While most of the world worries about how to stop sea levels from rising, engineers in a corner of Normandy are working on a €220 million project to do just the opposite: raise tides back up.

Mont Saint-Michel, with its Gothic abbey perched on a granite islet off the Normandy coast, is both a feat of human will and a marvel of rugged natural beauty. At low tide, it is encircled by dangerous quicksand. At high tide, the sea surges in as fast as a trotting horse, filling the bay with surf.

Over time, the islet has lost some of its grandeur. In fact, it is no longer much of an island: the coast is creeping in. Human development is mostly to blame. A 19th century causeway leading to the Mont stopped currents from flowing freely and flushing silt far out to sea.
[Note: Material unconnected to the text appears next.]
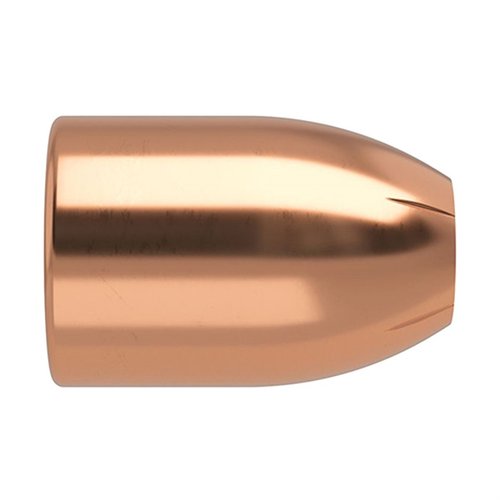 Nosler ASP 9MM JHP bullets offer unmatched accuracy, rapid expansion, and consistent performance, ensuring reliability for paper, steel, or hunting applications.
With tons of extra sediment dumped into the bay, 25 hectares of salt marsh are gaining on the Mont annually.

If we do nothing, Mont Saint-Michel will be surrounded by grass in 2042,” said Francois-Xavier de Beaulaincourt, the engineer overseeing the state-financed project to undo the damage. After an expected green light from the Government, major work is to start in early 2006.
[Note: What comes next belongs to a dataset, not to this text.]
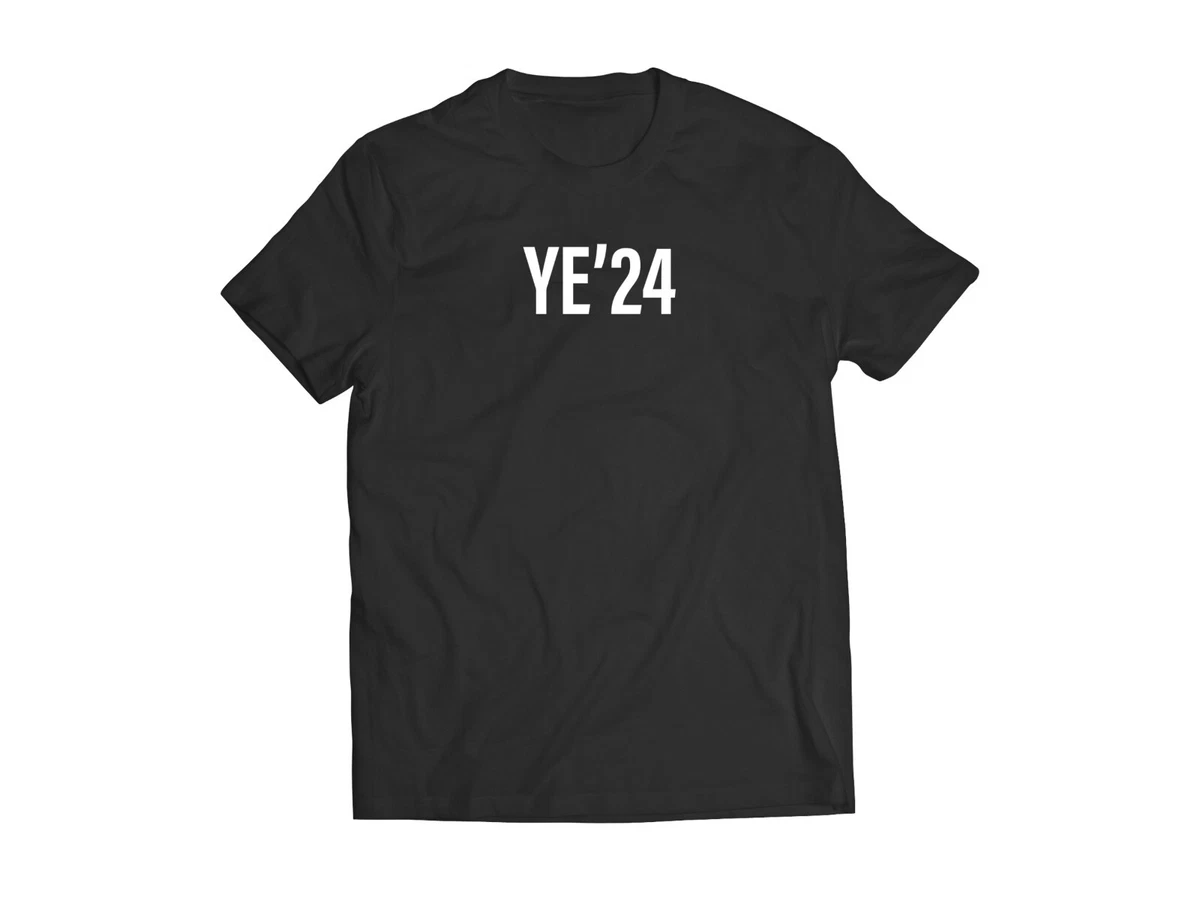 Kanye 2024 cheap shirt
The project aims to be gentle with the bay’s unique ecosystem. A new reservoir will be built on a local river to boost its power to flush out sediment, without disrupting the seals, amphibians and shellfish who live here. A new dam with eight sluicegates will also help guide sediment downstream. The Mont will stay open to tourists during work, scheduled to end in 2009.
The causeway and its ugly parking lot will be ripped up. Visitors will park cars inland, taking a shuttle or walking across a delicate new bridge that will let water pass underneath. By 2042, scientists say, the seabed’s level should drop by 70cm, with tides swirling freely again.
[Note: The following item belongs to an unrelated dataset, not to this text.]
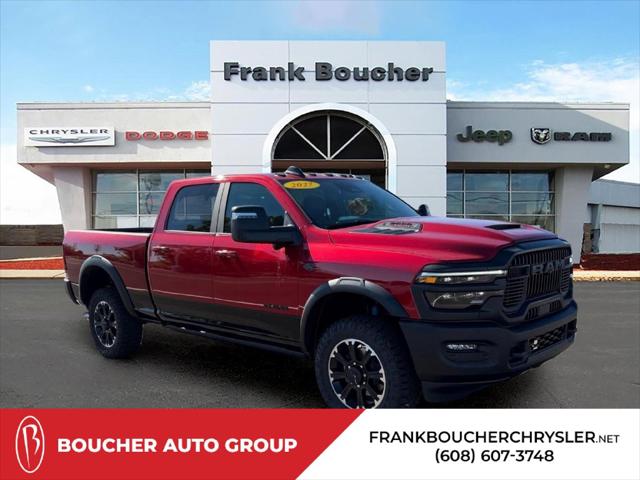 2027 Ram 2500 Rebel for sale in Janesville, WI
For centuries, the faithful trekked to the Mont from across Europe, risking their lives along the final stretches of quicksand. The first small shrine was built on the rock about 1300 years ago, by a bishop who said he was following orders from the Archangel Michael, who visited him in a dream.

The abbey has outlasted fires, tidal waves and attempted invasions. During the French Revolution, it was converted into a prison and its Benedictine monks banished – prompting a campaign to save the Mont. Victor Hugo compared it to the wonders of Ancient Egypt, writing that “Mont Saint-Michel appears like something sublime, a marvellous pyramid”.
Today, the Mont draws three million visitors a year, making it France’s third largest tourist destination after the Eiffel Tower and the Palace of Versailles. Naturally, plans to touch the beloved landmark have stirred passions.

Bay tour guides, trained to navigate surf and quicksand, fret about unforeseen consequences of tampering with the tides. They worry the project may leave the bay filled with pockets of water, making it impossible to hike through.
“They want to sacrifice the bay for the sake of Mont Saint-Michel,” says guide Stephane Gueno, who fell in love with the region’s nature as a child. “They’re thinking mainly of mass tourism.”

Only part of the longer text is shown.